:: WHAT YOU NEED TO DO ::
Return the lines below exactly, from the first line to the line that contains "Men's shallow cut". Leave out pictures.

- - - - -

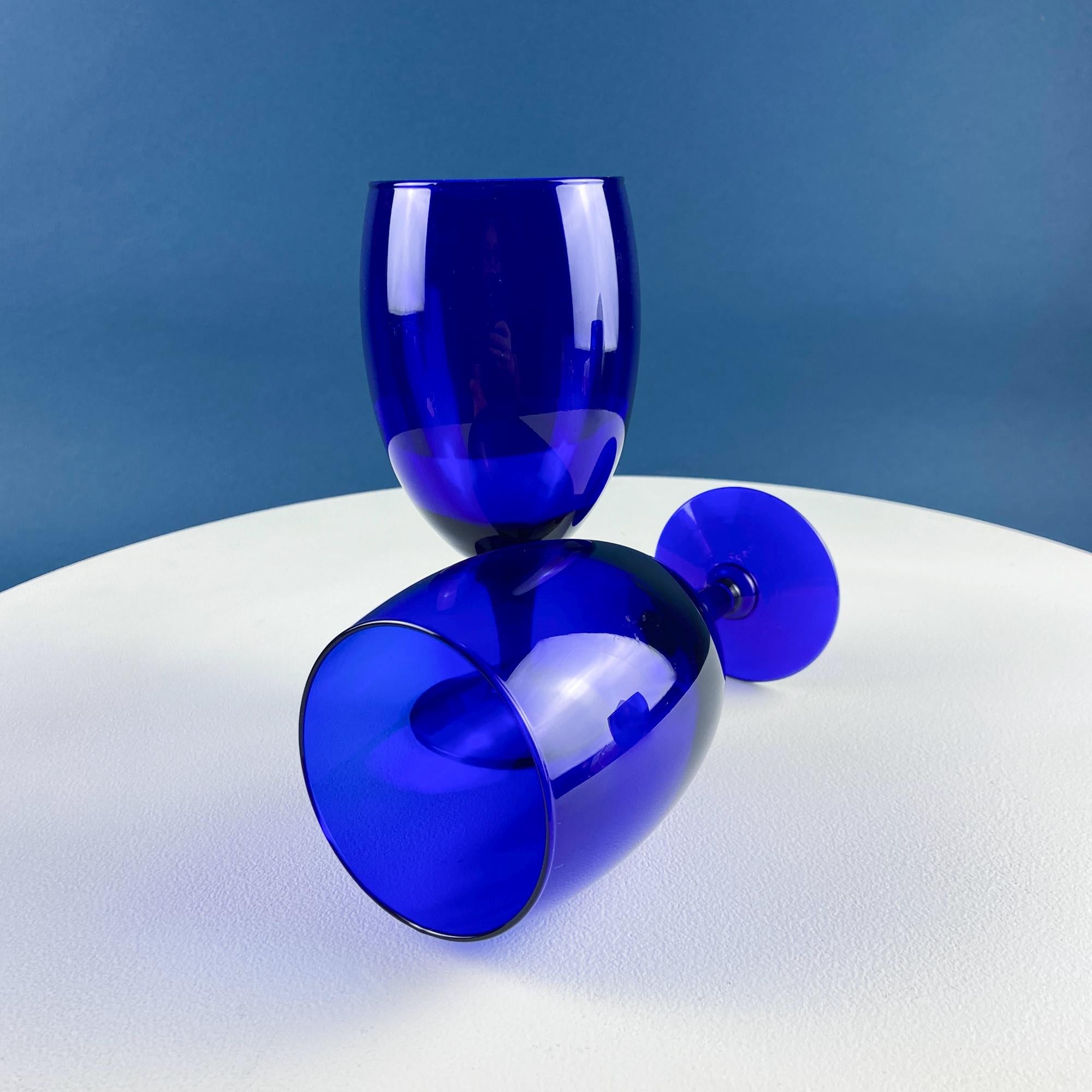 Cobalt Blue Glass Water Goblets. Set of 6 Modern Stemware. Dark Blue Minimal Glassware. Serveware. Dining Room. Gift for Him or Her.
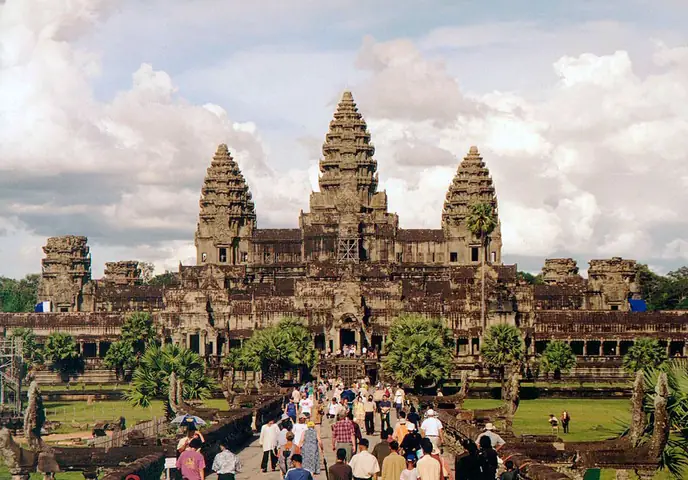 Angkor Wat: Khám Phá Di Sản Kiến Trúc & Tôn Giáo Khmer Angkor Wat: Khám Phá Di Sản Kiến Trúc & Tôn Giáo Khmer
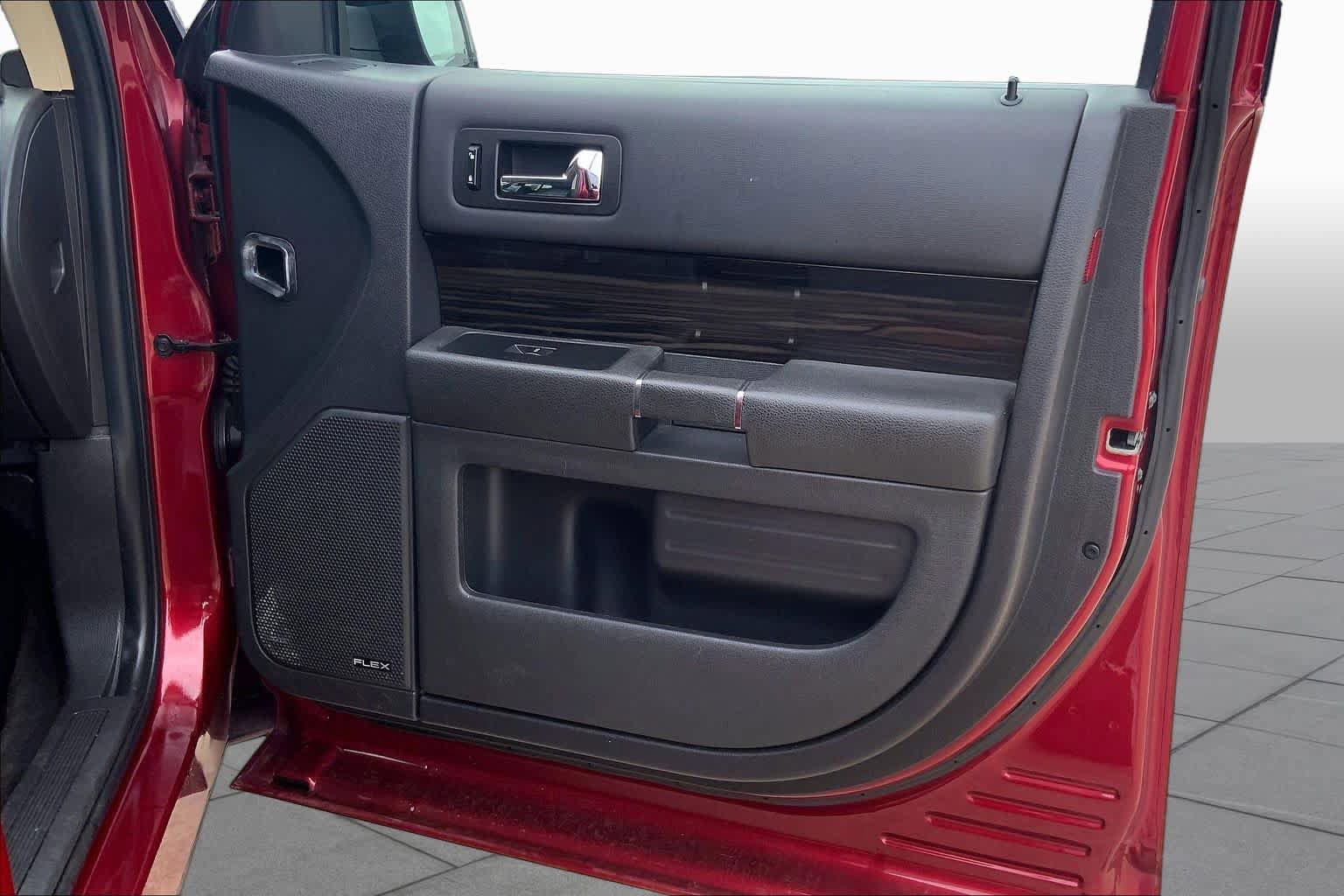 Used 2016 Ford Flex SEL w/ Equipment Group 202A FWD image 20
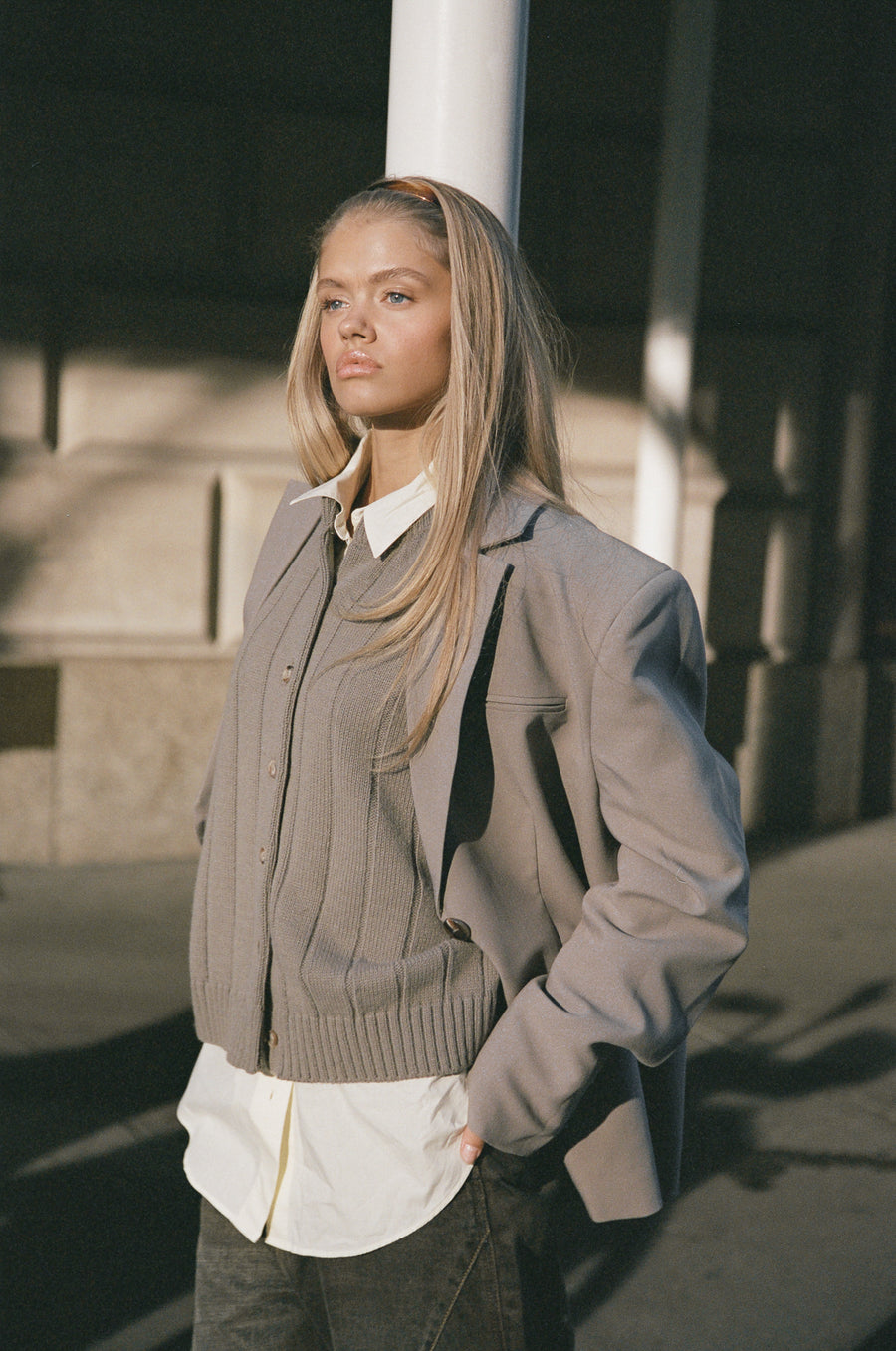 Fifth Blazer in Beige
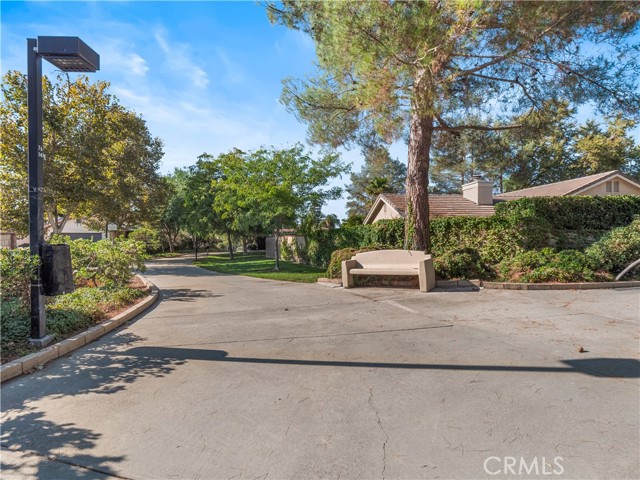 Detail Gallery Image 19 of 24 For 25995 Pueblo Dr, Valencia,  CA 91355 - 3 Beds | 2 Baths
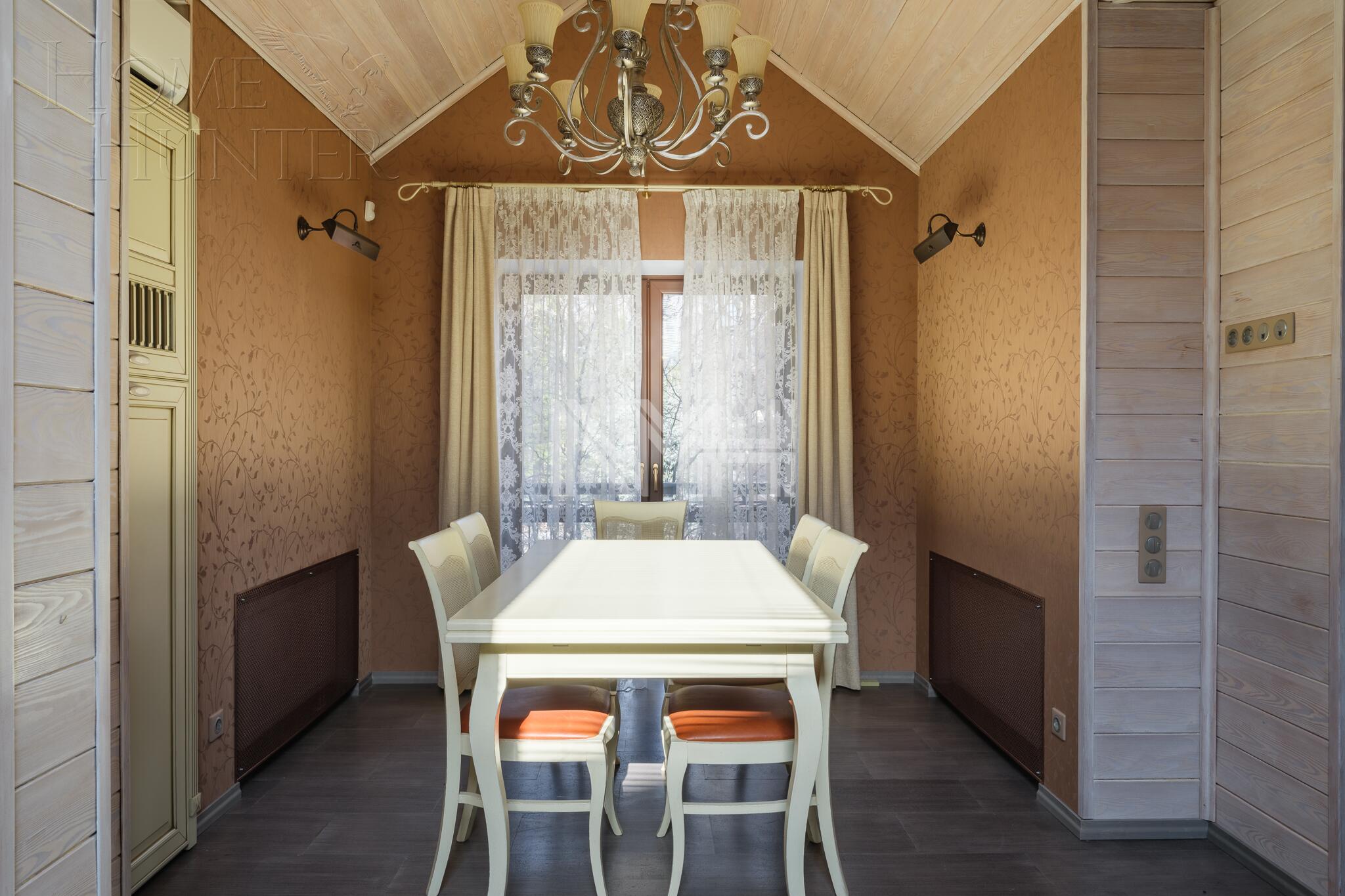 2-этажный коттедж 1 660 м² без отделки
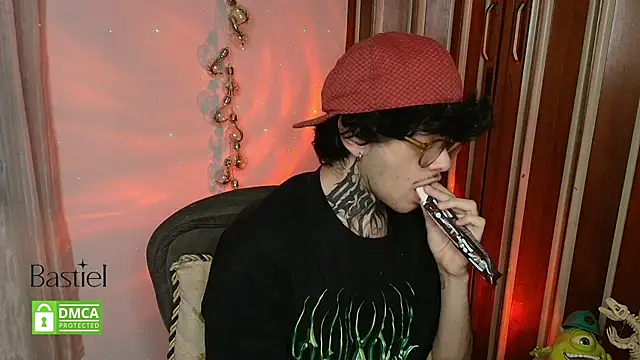 Snapshot of Mihail_leroy chatting on October 9, 1:36 am Mihail leroy online show from October 9, 1:36 am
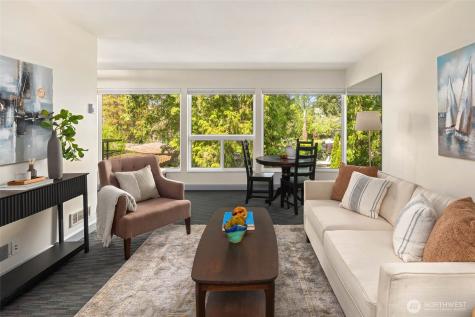 6201 Lake Washington Boulevard NE Kirkland WA 98033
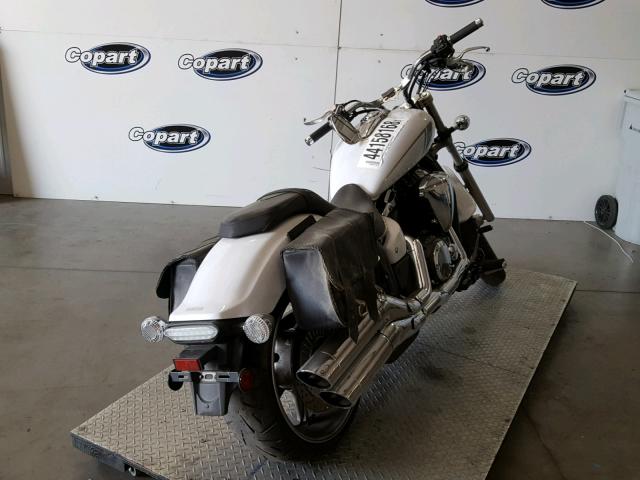 JYAVP33Y9DA000692 - 2013 YAMAHA XVS1300 CU WHITE photo 4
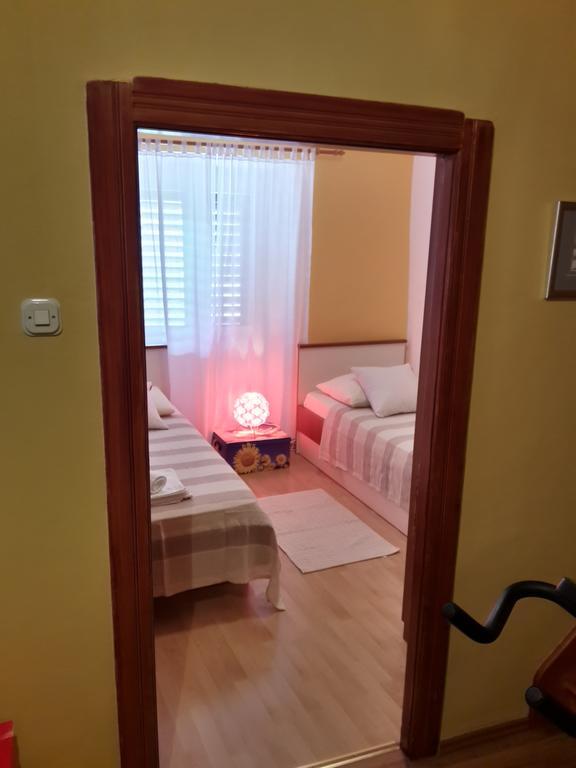 Mili Apartament Vela Luka Exterior foto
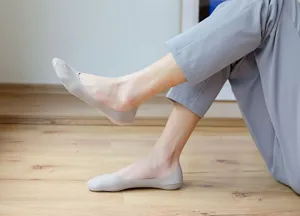Men's shallow cut invisible boat socks in solid grey color, comfortable cotton daily wear detail view.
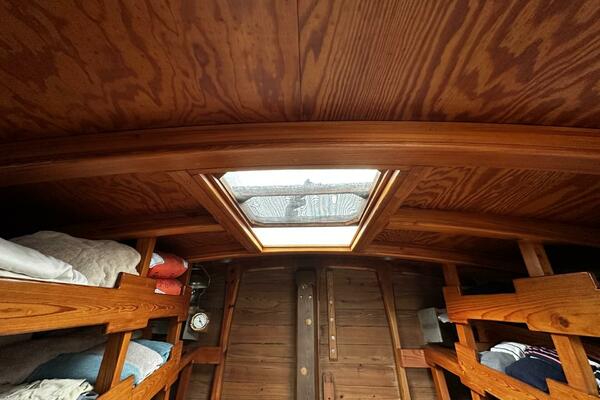 Briney Bug 34ft Custom Yacht For Sale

- - - - -

:: ANSWER BOX ::
 Cobalt Blue Glass Water Goblets. Set of 6 Modern Stemware. Dark Blue Minimal Glassware. Serveware. Dining Room. Gift for Him or Her.
 Angkor Wat: Khám Phá Di Sản Kiến Trúc & Tôn Giáo Khmer Angkor Wat: Khám Phá Di Sản Kiến Trúc & Tôn Giáo Khmer
 Used 2016 Ford Flex SEL w/ Equipment Group 202A FWD image 20
 Fifth Blazer in Beige
 Detail Gallery Image 19 of 24 For 25995 Pueblo Dr, Valencia,  CA 91355 - 3 Beds | 2 Baths
 2-этажный коттедж 1 660 м² без отделки
 Snapshot of Mihail_leroy chatting on October 9, 1:36 am Mihail leroy online show from October 9, 1:36 am
 6201 Lake Washington Boulevard NE Kirkland WA 98033
 JYAVP33Y9DA000692 - 2013 YAMAHA XVS1300 CU WHITE photo 4
 Mili Apartament Vela Luka Exterior foto
Men's shallow cut invisible boat socks in solid grey color, comfortable cotton daily wear detail view.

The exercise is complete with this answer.